> EXERCISE PROMPT: Go through the lines below and repeat each one exactly, skipping pictures.

> DATA BELOW:
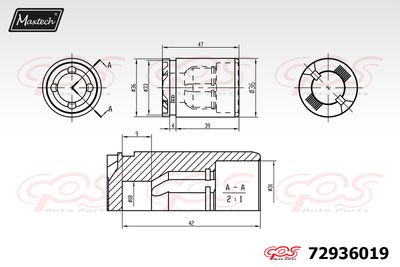 72936019 MAXTECH Поршень, корпус скобы тормоза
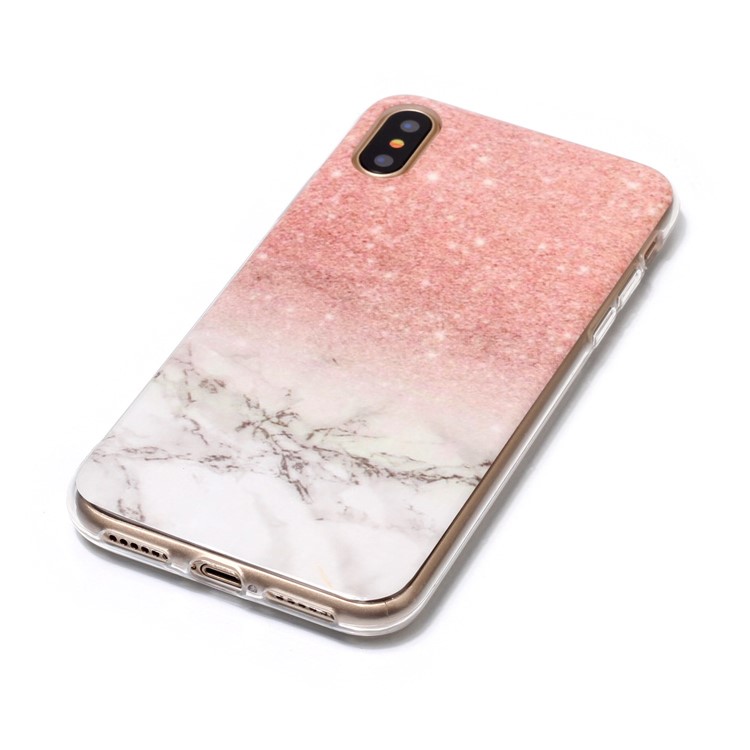 Marble Pattern IMD TPU Jelly Case for iPhone XS / X/10 5.8 inch - Pink / White-2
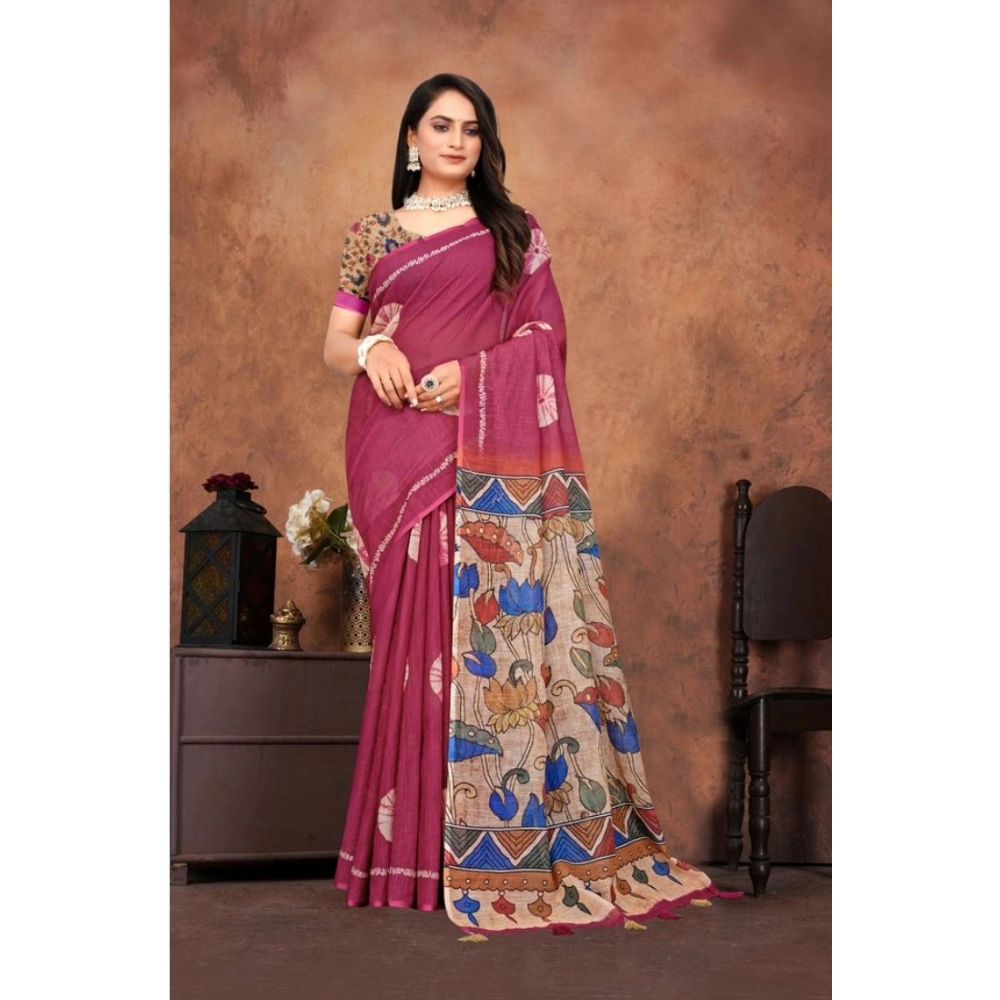 PID-62445-Generic-Women-s-Linen-Printed-Saree-With-Unstitched-Blouse-5-5-Mtr-Purple-1-1000x1000-1.webp Women's Linen Printed Saree With Unstitched Blouse 5.5Mtr (Purple) - Image 1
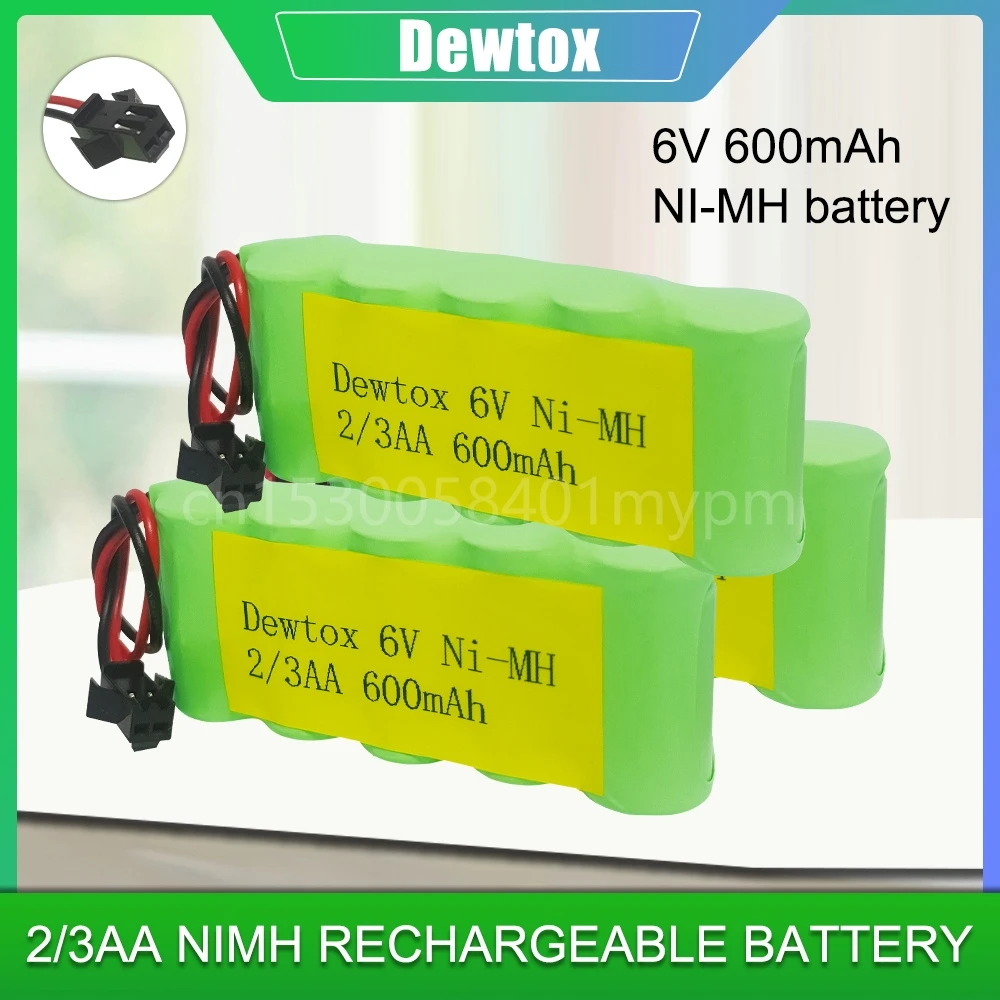 6v 2/3aa 600mah ni-mh wiederauf ladbarer Akku mit Stecker zelle für Spielzeug Not licht Akku-Handy Handy Fernbedienung Auto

> EXERCISE RESULT:
 72936019 MAXTECH Поршень, корпус скобы тормоза
 Marble Pattern IMD TPU Jelly Case for iPhone XS / X/10 5.8 inch - Pink / White-2
 PID-62445-Generic-Women-s-Linen-Printed-Saree-With-Unstitched-Blouse-5-5-Mtr-Purple-1-1000x1000-1.webp Women's Linen Printed Saree With Unstitched Blouse 5.5Mtr (Purple) - Image 1
 6v 2/3aa 600mah ni-mh wiederauf ladbarer Akku mit Stecker zelle für Spielzeug Not licht Akku-Handy Handy Fernbedienung Auto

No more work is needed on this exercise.